The cut will reverberate beyond Medicare to other payers, including private insurance, which often structures its payments to emergency physicians and other providers based on the Medicare rates, ACEP said.
“Now that the final rule has been released, the only way to prevent these devastating cuts from taking place is for Congress to act by passing legislation that holds physicians harmless,” ACEP said.
“Holding Providers Harmless From Medicare Cuts During COVID-19 Act of 2020” is a bill introduced by Representatives Dr. Ami Bera, D-Calif., and Dr. Larry Bucshon, R-Ind., that would temporarily maintain physicians’ reimbursement in Medicare at 2020 levels for the next two years.
“Emergency physicians have courageously faced a global pandemic that has shaken our healthcare system to its core, unwavering in their commitment to their patients despite potentially deadly exposure to the disease for themselves and their families,” Rosenberg said. “Congress must act now in order for them to continue playing this vital role in our communities.”
Going into effect in 2021 is an increase in payment rates for office/outpatient face-to-face evaluation and management (E/M) visits.
These providers are seeing a growth in enrollment in beneficiaries having complex conditions, with more than two-thirds of Medicare beneficiaries having two or more chronic conditions, CMS said. Increasing the payment rate of E/M office visits recognizes this demand and ensures clinicians are paid appropriately for the time they spend on coordinating care for patients, CMS said.
CMS is increasing the value of many services that are similar to E/M office visits such as maternity care bundles, end-stage renal disease capitated payment bundles, and physical and occupational therapy evaluation services.
“This finalized policy marks the most significant updates to E/M codes in 30 years, reducing burden on doctors imposed by the coding system and rewarding time spent evaluating and managing their patients’ care,” Verma said. “In the past, the system has rewarded interventions and procedures over time spent with patients – time taken preventing disease and managing chronic illnesses.”
In addition to the increase in payment for E/M office visits, simplified coding and documentation changes for Medicare billing for these visits will go into effect beginning January 1, 2021.

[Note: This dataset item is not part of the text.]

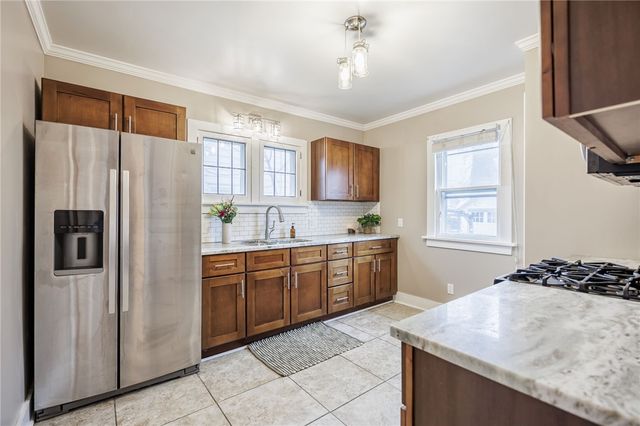 1025 Genesee Park Boulevard, Rochester, NY 14619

The rule also allows non-physician practitioners to practice at the top of their license. Specifically, certain non-physician practitioners such as nurse practitioners and physician assistants can supervise the performance of diagnostic tests. Physical and occupational therapists will be able to delegate “maintenance therapy” to a therapy assistant. Also, physical and occupational therapists, speech-language pathologists, and other clinicians who directly bill Medicare can review and verify, rather than re-document, information already entered by other members of the clinical team into a patient’s medical record.
THE LARGER TREND
This final rule delivers on President Trump’s Executive Order on Improving Rural Health and Telehealth Access.
ON THE RECORD
“During the COVID-19 pandemic, actions by the Trump Administration have unleashed an explosion in telehealth innovation, and we’re now moving to make many of these changes permanent,” said HHS Secretary Alex Azar. “Medicare beneficiaries will now be able to receive dozens of new services via telehealth, and we’ll keep exploring ways to deliver Americans access to healthcare in the setting that they and their doctor decide makes sense for them.”

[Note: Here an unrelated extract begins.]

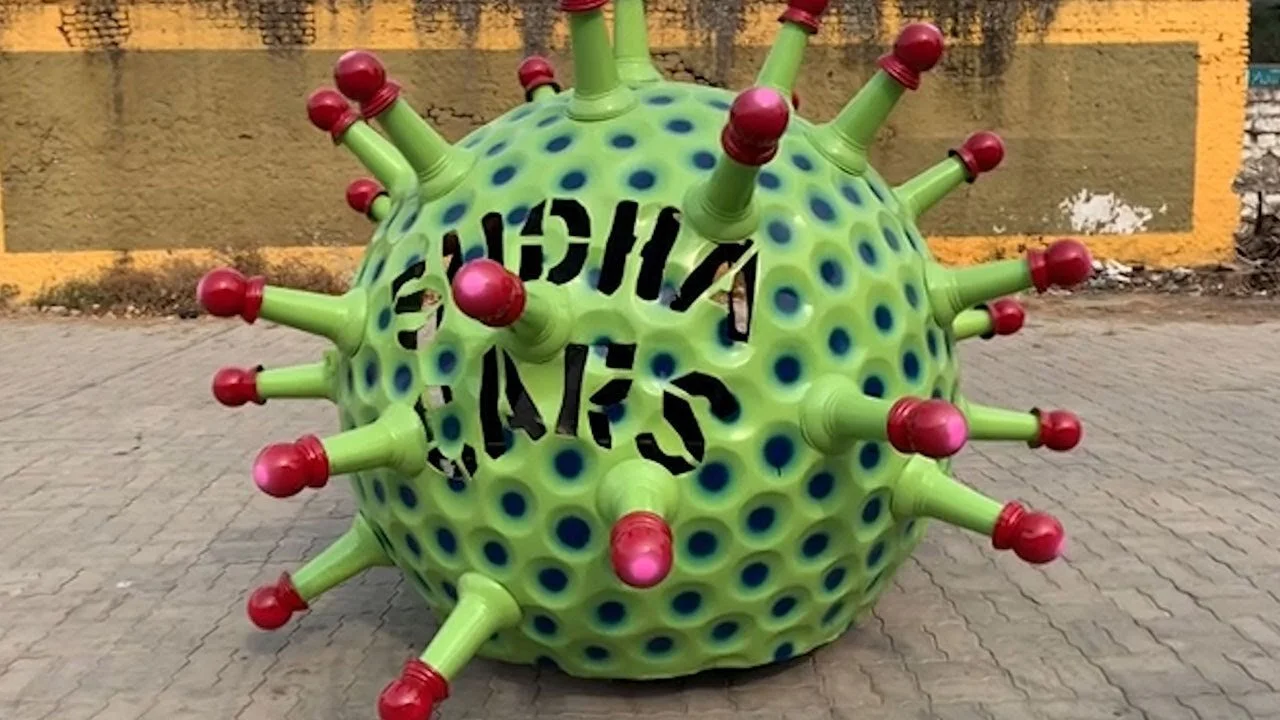 Chế tạo xe hình virus SARS-Cov-2 để tuyên truyền đẩy lùi dịch bệnh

“Telehealth has long been a priority for the Trump Administration, which is why we started paying for short virtual visits in rural areas long before the pandemic struck,” said Verma. “But the pandemic accentuated just how transformative it could be, and several months in it’s clear that the healthcare system has adapted seamlessly to a historic telehealth expansion that inaugurates a new era in healthcare delivery.”